Custom Input Processor configuration
The splitting of user input text into sentences and words, spelling correction and other language depending processing are within the Teneo Platform done in separate modules: the Input Processors and the Simplifier. These are pluggable into the Teneo Engine, via the Input Processor API.
The Input Processors and the Simplifier are configurable from within the Platform allowing users to customize the Input Processors (IPs) of the Teneo Engine and the configuration for any solution by providing custom IP configurations as a resource file in Teneo Studio with a fixed name and content structure.
This opens for a number of possibilities: users can, for example, add their own input processors and update them themselves at any point or create custom specific auto corrections and abbreviation lists.
Creation of the custom IP configuration
Teneo Studio provides an export function for the custom IP configuration file. To get access to this export, the Studio user needs to have permissions to export the IP setup, read more here.

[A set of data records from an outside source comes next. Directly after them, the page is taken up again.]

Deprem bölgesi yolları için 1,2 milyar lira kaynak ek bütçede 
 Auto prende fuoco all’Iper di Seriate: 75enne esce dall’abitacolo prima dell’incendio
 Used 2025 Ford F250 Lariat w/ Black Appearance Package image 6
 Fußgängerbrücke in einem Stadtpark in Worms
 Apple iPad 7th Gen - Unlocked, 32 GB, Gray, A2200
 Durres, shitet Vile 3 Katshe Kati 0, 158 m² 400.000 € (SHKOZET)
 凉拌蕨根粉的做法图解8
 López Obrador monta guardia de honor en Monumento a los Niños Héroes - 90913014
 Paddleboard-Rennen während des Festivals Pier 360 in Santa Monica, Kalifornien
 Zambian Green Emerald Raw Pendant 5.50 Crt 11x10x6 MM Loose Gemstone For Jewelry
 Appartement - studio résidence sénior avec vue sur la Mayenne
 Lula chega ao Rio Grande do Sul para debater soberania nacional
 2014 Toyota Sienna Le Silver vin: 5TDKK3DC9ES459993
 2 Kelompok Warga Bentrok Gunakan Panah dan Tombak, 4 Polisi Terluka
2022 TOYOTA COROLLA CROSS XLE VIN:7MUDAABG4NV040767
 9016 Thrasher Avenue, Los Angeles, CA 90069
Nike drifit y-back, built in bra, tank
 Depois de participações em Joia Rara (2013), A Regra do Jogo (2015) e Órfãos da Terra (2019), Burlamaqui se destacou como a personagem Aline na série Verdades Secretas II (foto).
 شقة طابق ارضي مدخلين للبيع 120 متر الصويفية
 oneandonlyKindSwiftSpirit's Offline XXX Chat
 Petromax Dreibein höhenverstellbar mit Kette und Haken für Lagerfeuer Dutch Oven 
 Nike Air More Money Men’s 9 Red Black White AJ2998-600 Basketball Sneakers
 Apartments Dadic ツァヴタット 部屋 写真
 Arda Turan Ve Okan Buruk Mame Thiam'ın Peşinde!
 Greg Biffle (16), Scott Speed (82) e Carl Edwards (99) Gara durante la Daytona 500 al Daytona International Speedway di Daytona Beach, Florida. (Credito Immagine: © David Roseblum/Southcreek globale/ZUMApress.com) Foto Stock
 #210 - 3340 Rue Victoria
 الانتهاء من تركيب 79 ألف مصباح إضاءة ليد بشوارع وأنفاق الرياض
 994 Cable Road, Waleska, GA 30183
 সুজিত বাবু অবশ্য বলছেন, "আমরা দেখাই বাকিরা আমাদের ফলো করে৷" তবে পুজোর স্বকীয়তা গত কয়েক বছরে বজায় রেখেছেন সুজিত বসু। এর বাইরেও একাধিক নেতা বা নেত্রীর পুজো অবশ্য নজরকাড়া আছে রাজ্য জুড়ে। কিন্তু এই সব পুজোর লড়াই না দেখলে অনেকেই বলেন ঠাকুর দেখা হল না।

The Export language config function packs the entire Input Processor configuration and .jar-files, according to the current solution language, and export it as a ZIP file that can be downloaded and stored locally.
This file is ready to be applied to a solution, without any modifications. To apply it, it just needs to be added to the solution as a resource file.
The file name must be
custominputprocessorsetup.zip and the file path must be
/. Teneo Studio will recognize a custom Input Processor configuration file only with this exact name and location.
When a custom Input Processor configuration file is added to the solution, it takes precedence over the Input Processor configuration provided by Teneo Studio.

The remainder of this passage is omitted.